◆ PROBLEM TO WORK ON
Word for word, restate every line of the material.

[Start of section]

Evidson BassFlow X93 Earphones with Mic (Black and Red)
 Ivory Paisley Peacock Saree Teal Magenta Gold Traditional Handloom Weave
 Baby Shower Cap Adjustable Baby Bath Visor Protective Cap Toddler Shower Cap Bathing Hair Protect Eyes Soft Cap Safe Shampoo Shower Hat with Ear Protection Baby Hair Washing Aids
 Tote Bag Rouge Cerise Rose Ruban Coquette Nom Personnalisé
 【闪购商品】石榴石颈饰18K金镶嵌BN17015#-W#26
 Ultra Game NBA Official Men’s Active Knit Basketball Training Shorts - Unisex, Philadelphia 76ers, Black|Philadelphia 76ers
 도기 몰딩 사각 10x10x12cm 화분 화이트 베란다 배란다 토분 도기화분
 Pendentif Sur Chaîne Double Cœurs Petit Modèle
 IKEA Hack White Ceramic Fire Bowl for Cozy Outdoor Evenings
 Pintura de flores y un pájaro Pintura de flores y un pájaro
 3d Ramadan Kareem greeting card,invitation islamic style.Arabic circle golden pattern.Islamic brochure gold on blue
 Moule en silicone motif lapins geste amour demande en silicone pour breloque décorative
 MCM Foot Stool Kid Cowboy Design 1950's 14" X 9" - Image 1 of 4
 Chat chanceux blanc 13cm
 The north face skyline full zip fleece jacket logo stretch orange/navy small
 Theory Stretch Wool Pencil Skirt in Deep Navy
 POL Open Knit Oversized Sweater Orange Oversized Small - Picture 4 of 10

[End of section]

◆ WORKED SOLUTION
Evidson BassFlow X93 Earphones with Mic (Black and Red)
 Ivory Paisley Peacock Saree Teal Magenta Gold Traditional Handloom Weave
 Baby Shower Cap Adjustable Baby Bath Visor Protective Cap Toddler Shower Cap Bathing Hair Protect Eyes Soft Cap Safe Shampoo Shower Hat with Ear Protection Baby Hair Washing Aids
 Tote Bag Rouge Cerise Rose Ruban Coquette Nom Personnalisé
 【闪购商品】石榴石颈饰18K金镶嵌BN17015#-W#26
 Ultra Game NBA Official Men’s Active Knit Basketball Training Shorts - Unisex, Philadelphia 76ers, Black|Philadelphia 76ers
 도기 몰딩 사각 10x10x12cm 화분 화이트 베란다 배란다 토분 도기화분
 Pendentif Sur Chaîne Double Cœurs Petit Modèle
 IKEA Hack White Ceramic Fire Bowl for Cozy Outdoor Evenings
 Pintura de flores y un pájaro Pintura de flores y un pájaro
 3d Ramadan Kareem greeting card,invitation islamic style.Arabic circle golden pattern.Islamic brochure gold on blue
 Moule en silicone motif lapins geste amour demande en silicone pour breloque décorative
 MCM Foot Stool Kid Cowboy Design 1950's 14" X 9" - Image 1 of 4
 Chat chanceux blanc 13cm
 The north face skyline full zip fleece jacket logo stretch orange/navy small
 Theory Stretch Wool Pencil Skirt in Deep Navy
 POL Open Knit Oversized Sweater Orange Oversized Small - Picture 4 of 10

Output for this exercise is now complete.